Hey, thanks for writing all of that. My current goal is to do an up to date literature review on corrigibility, so that was a most helpful comment. I’ll definitely look over your blog, since some of these papers are quite dense. Out of the paper’s you recommended, is there one that stands out? Bear in mind that I’ve read Stewart and MIRI’s papers already.
Dutch custom prevents me from recommending my own recent paper in any case, so I had to recommend one paper from the time frame 2015-2020 that you probably have not read yet, I’d recommend ‘Reward tampering problems and solutions in reinforcement learning: A causal influence diagram perspective’. This stands out as an overview of different approaches, and I think you can get a good feeling of the state of the field out of it even if you do not try to decode all the math.
Note that there are definitely some worthwhile corrigibility related topics that are discussed only/mainly in blog posts and in LW comment threads, but not in any of the papers I mention above or in my mid-2019 related work section. For example, there is the open question whether Christiano’s Iterated Amplification approach will produce a kind of corrigibility as an emergent property of the system, and if so what kind, and is this the kind we want, etc. I have not seen any discussion of this in the ‘formal literature’, if we define the formal literature as conference/arxiv papers, but there is a lot of discussion of this in blog posts and comment threads.
Dutch custom prevents me from recommending my own recent paper in any case
This phrase and its implications are perfect examples of problems in corrigibility. Was that intentional? If so, bravo. Your paper looks interesting, but I think I’ll read the blog post first. I want a break from reading heavy papers. I wonder if the researchers would be OK with my drawing on their blog posts in the review. Would you mind?

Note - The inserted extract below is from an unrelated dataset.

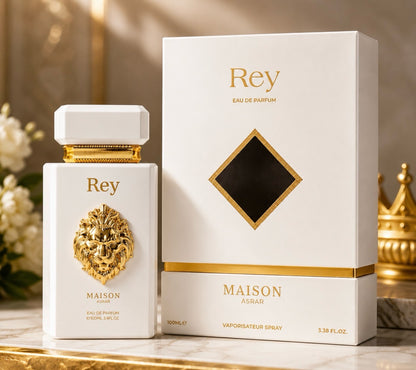 Noor Fragrances MAISON ASRAR Rey Eau De Parfum bottle and white box with gold lion emblem on a marble surface.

Thanks for recommending “Reward tampering”, it is much appreciated. I’ll get on it after synthesising what I’ve read so far. Otherwise, I don’t think I’ll learn much.

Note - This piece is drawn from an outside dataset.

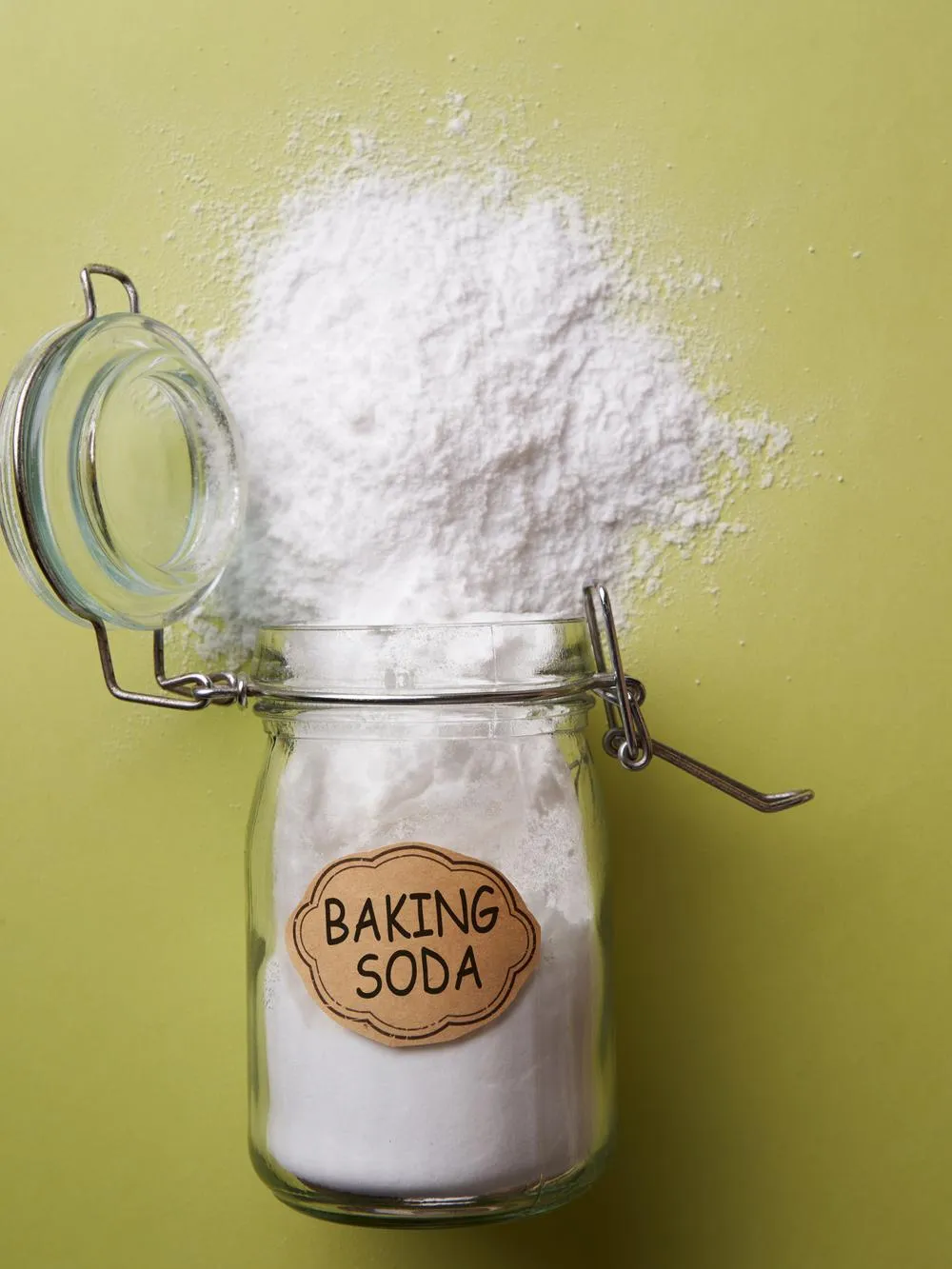 a jar labeled baking soda spilled on a green background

You should feel free to write a literature overview that cites or draws heavily on paper-announcement blog posts. I definitely won’t mind. In general, the blog posts tend to use language that is less mathematical and more targeted at a non-specialist audience. So if you aim to write a literature overview that is as readable as possible for a general audience, then drawing on phrases from the author’s blog posts describing the papers (when such posts are available) may be your best bet.
Hey, thanks for writing all of that. My current goal is to do an up to date literature review on corrigibility, so that was a most helpful comment. I’ll definitely look over your blog, since some of these papers are quite dense. Out of the paper’s you recommended, is there one that stands out? Bear in mind that I’ve read Stewart and MIRI’s papers already.
Thanks, you are welcome!
Dutch custom prevents me from recommending my own recent paper in any case, so I had to recommend one paper from the time frame 2015-2020 that you probably have not read yet, I’d recommend ‘Reward tampering problems and solutions in reinforcement learning: A causal influence diagram perspective’. This stands out as an overview of different approaches, and I think you can get a good feeling of the state of the field out of it even if you do not try to decode all the math.
Note that there are definitely some worthwhile corrigibility related topics that are discussed only/mainly in blog posts and in LW comment threads, but not in any of the papers I mention above or in my mid-2019 related work section. For example, there is the open question whether Christiano’s Iterated Amplification approach will produce a kind of corrigibility as an emergent property of the system, and if so what kind, and is this the kind we want, etc. I have not seen any discussion of this in the ‘formal literature’, if we define the formal literature as conference/arxiv papers, but there is a lot of discussion of this in blog posts and comment threads.
This phrase and its implications are perfect examples of problems in corrigibility. Was that intentional? If so, bravo. Your paper looks interesting, but I think I’ll read the blog post first. I want a break from reading heavy papers. I wonder if the researchers would be OK with my drawing on their blog posts in the review. Would you mind?
Thanks for recommending “Reward tampering”, it is much appreciated. I’ll get on it after synthesising what I’ve read so far. Otherwise, I don’t think I’ll learn much.
Nope, not intentional.
You should feel free to write a literature overview that cites or draws heavily on paper-announcement blog posts. I definitely won’t mind. In general, the blog posts tend to use language that is less mathematical and more targeted at a non-specialist audience. So if you aim to write a literature overview that is as readable as possible for a general audience, then drawing on phrases from the author’s blog posts describing the papers (when such posts are available) may be your best bet.